President Donald Trump once again turned to whataboutism in response to one of his associates being indicted and arrested, this time in defense of Roger Stone.
The FBI arrested Stone on Friday morning on seven counts, including lying to Congress, obstruction of justice and witness tampering after Special Counsel Robert Mueller secured an indictment.
Trump initially wailed in response to the news on Twitter by whining that human traffickers are treated better.
But on Saturday morning, he tried an old tactic by accusing former Secretary of State Hillary Clinton of lying to the FBI and accused several others of lying to Congress, including former FBI Director James Comey and former CIA Director John Brennan, who predicted even bigger fish would be indicted when asked to respond to Stone’s arrest on Friday morning:
If Roger Stone was indicted for lying to Congress, what about the lying done by Comey, Brennan, Clapper, Lisa Page & lover, Baker and soooo many others? What about Hillary to FBI and her 33,000 deleted Emails? What about Lisa & Peter’s deleted texts & Wiener’s laptop? Much more!
— Donald J. Trump (@realDonaldTrump) January 26, 2019
Seriously, if any of these names had lied to Congress, and a Republican-controlled Congress at that, charges would have been referred to the FBI a long time ago. Trump, as usual, provided zero evidence to back up his claims and is clearly trying to distract and deflect from the news that yet another one of his close associates has been indicted as part of the Russia investigation.
Besides, even if they did lie, it still doesn’t let his own people off the hook for doing it.
Twitter users mocked him for once again whining about Clinton and others to excuse crimes committed by his associates:
You can “whataboutism” all day.

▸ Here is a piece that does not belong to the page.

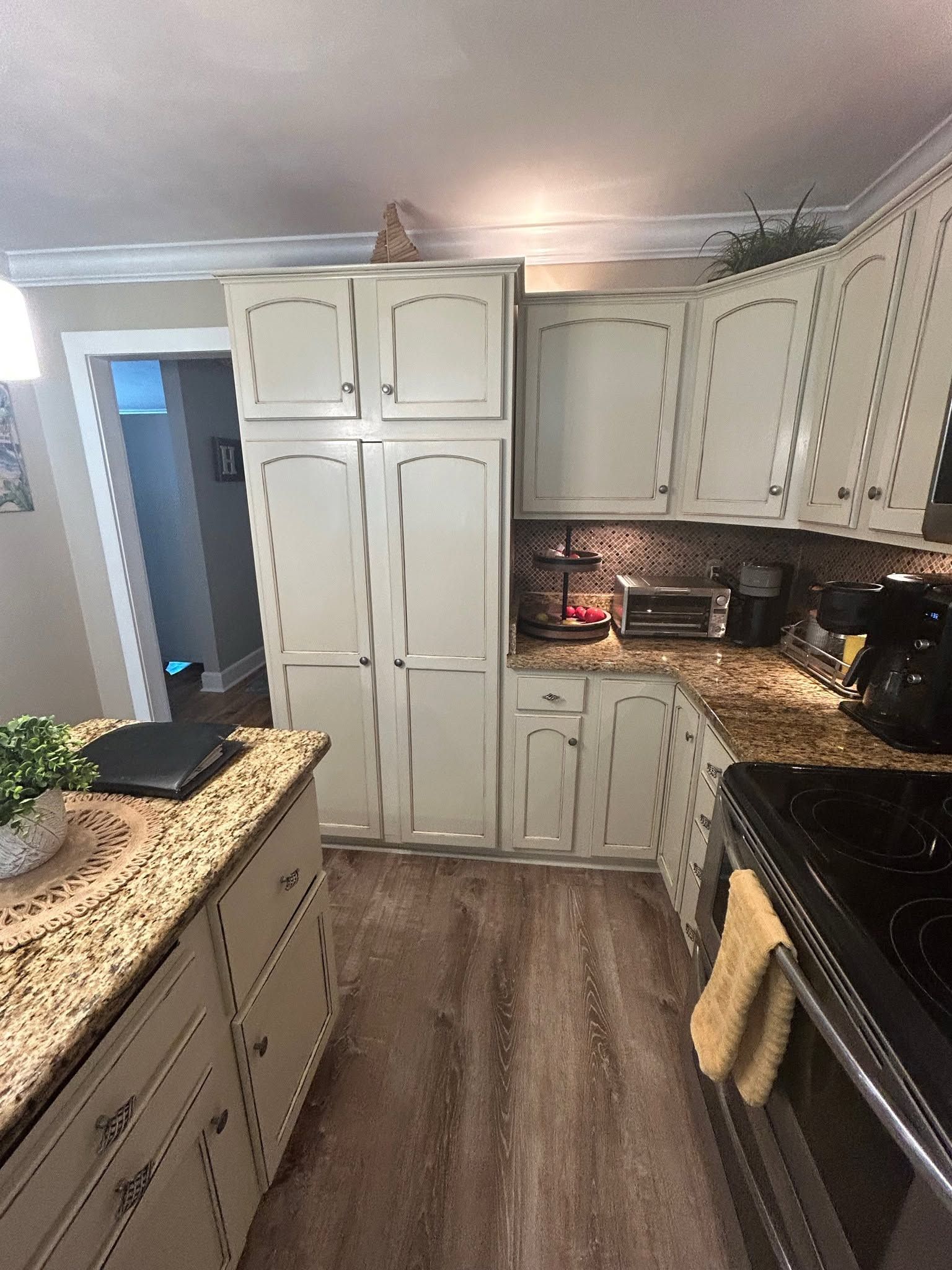 Small kitchen with white cabinets, dark countertops, and a black stove under warm lighting.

You’re screwed.
— Tony Posnanski (@tonyposnanski) January 26, 2019
You do realize that if you own DOJ believed that Comey, Brennan, Clapper, Page or Hillary broke the law, they could indict them, right? The only reason they aren’t being indicted is because they didn’t actually lie or break the law, like so many of your guys did.
— Ed Krassenstein (@EdKrassen) January 26, 2019
Note that he’s not disputing the charges or suggesting the Stone didn’t do anything wrong, he’s just mad that his friend was indicted and his political enemies weren’t
— Robert Maguire (@RobertMaguire_) January 26, 2019
— Brian L (@Bubbalover71) January 26, 2019
indeed, “what about other people’s imaginary crimes” is such a winning legal strategy, it’s a wonder that Clarence Darrow never thought to use it
good morning, President Caveman, how did you sleep last night
— Jeff Tiedrich (@itsJeffTiedrich) January 26, 2019
There’s no “If” on this one – Roger Stone was indicted for lying to Congress. Making that a hypothetical by tweet won’t make it go away.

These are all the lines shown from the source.